Work instruction
Every line of the entries below that carries the string "Photo" should be copied.

Source data
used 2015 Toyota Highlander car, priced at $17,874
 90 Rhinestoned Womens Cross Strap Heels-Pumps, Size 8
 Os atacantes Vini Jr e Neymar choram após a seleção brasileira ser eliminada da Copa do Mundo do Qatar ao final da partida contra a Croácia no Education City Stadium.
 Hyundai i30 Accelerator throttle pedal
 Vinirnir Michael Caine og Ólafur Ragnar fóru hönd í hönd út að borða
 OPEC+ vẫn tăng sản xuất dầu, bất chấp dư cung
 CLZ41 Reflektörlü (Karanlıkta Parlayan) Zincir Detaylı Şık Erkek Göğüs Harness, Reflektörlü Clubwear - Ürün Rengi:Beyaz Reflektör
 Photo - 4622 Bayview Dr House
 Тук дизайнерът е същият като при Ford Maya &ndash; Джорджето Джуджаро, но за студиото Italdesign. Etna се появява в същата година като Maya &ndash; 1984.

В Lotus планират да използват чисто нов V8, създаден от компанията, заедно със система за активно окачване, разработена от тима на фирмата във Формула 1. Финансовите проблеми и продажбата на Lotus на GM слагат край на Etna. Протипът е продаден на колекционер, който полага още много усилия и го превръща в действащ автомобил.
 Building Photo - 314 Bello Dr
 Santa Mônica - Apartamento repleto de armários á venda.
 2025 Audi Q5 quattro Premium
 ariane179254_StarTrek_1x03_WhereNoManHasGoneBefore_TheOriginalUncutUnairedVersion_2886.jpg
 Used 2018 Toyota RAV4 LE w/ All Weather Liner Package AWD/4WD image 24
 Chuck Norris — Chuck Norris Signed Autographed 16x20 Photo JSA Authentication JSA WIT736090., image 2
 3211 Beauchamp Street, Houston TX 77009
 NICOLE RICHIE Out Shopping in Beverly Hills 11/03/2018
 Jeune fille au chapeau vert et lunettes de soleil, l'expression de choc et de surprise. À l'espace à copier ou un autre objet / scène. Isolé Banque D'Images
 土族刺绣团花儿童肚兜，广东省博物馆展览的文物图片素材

Result below
 Photo - 4622 Bayview Dr House
 Building Photo - 314 Bello Dr
 Chuck Norris — Chuck Norris Signed Autographed 16x20 Photo JSA Authentication JSA WIT736090., image 2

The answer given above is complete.